Translation of "Kış" in Dutch

0.013 sec.

Examples of using "Kış" in a sentence and their dutch translations:

- Kış yaklaşıyor.
- Kış geliyor.

De winter is in aantocht.

Kış geliyor.

- De winter is in aantocht.
- De winter komt.
- De winter komt eraan.

Avustralya'da kış.

Het is winter in Australië.

- Bu kış yumuşaktı.
- Bu kış yumuşak geçti.

Deze winter was zacht.

- Bu kış yumuşak geçti.
- Bu kış ılıktı.

Deze winter was zacht.

Bu kış ılık.

Deze winter is warm.

Yakında kış olacak.

Het zal gauw winter zijn.

Kış sert olacak.

De winter zal streng zijn.

Kış benim gözde mevsimimdir.

- De winter is mijn lievelingsseizoen.
- De winter is mijn favoriete seizoen.

Kış en sevdiğim mevsimdir.

De winter is mijn lievelingsseizoen.

Kış soğuk ve karlıydı.

De winter was koud en sneeuwig.

Bu her kış oluyordu.

Dit gebeurde elke winter.

Kaplumbağalar kış uykusuna yatar.

Schildpadden overwinteren.

Kış sertleştikçe geceler iyice uzar.

Als de winter strenger wordt, worden de nachten nog langer.

Kış boyunca, stokladıkları balla beslenebilirler.

Ze voeden zich in de winter met honing.

Kış, işin zor kısmını halletmiştir.

De winter heeft het zware werk al gedaan.

Kış boyunca kayak yapmaya gitti.

Hij ging in de winter skiën.

O sessiz bir kış akşamıydı.

Het was een rustige winteravond.

Bu kış sıcaklık ortalamanın üzerinde.

De temperatuur is deze winter hoger dan gemiddeld.

- Kış mevsimini severim.
- Kışı severim.

Ik hou van de winter.

Geçen kış, Kanada'ya kayağa gittim.

De vorige winter ben ik naar Canada gaan skiën.

O kış çok yağmur yağdı.

Het heeft die winter veel geregend.

Her Kış Hokkaido'da kayak yapar.

Hij skiet elke winter in Hokkaido.

Tom geçen kış Boston'a taşındı.

Tom is afgelopen winter naar Boston verhuisd.

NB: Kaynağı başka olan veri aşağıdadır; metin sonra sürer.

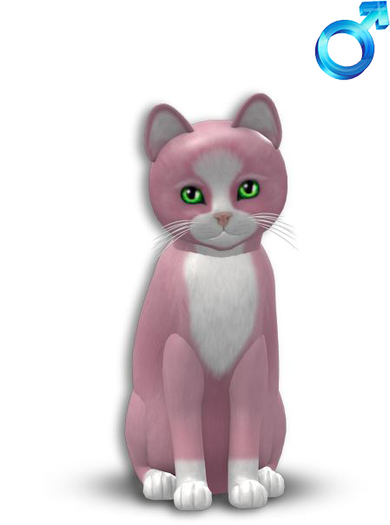 KittyCatS Box - cute cute 3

Bu kış birçok fırtına yaşadık.

We hebben deze winter veel stormen gehad.

Geçen kış kayak yaptın mı?

- Heb je afgelopen winter geskied?
- Heeft u afgelopen winter geskied?
- Hebben jullie afgelopen winter geskied?

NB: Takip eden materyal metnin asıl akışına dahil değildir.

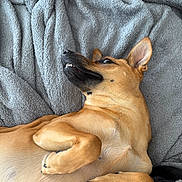 Lea is registered to the contest to win money with this photo: animal, blanket, canine, closeup, companion, cozy, cute, dog, ears, fur, indoor, lying_down, paws, pet, portrait, relaxed, resting, sleepy, tan_dog, teeth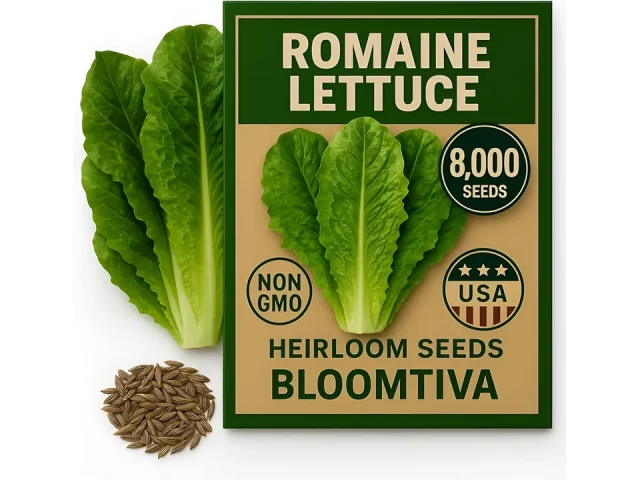 Romaine Lettuce Seeds Parris Island Cos: Honest Review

Tom geçen kış Avustralya'ya gitti.

Tom is naar Australië geweest vorige winter.

- Bu kış alışılmadık şekilde ılık geçti.
- Bu kış hiç olmadığı kadar ılık geçti.

De winter was buitengewoon zacht.

- Buz pateni benim favori kış sporumdur.
- Buz pateni benim en sevdiğim kış sporudur.

Schaatsen is mijn favoriete wintersport.

Kış, Şili'nin güneyindeki Patagonya'nın dağlarına ulaştı.

De winter heeft de bergen van Patagonië in Zuid-Chili bereikt.

Ebeveynlerim her kış kayak yapmaktan hoşlanır.

Mijn ouders houden ervan iedere winter te gaan skiën.

Bu kış muhtemelen fazla karımız olmayacak.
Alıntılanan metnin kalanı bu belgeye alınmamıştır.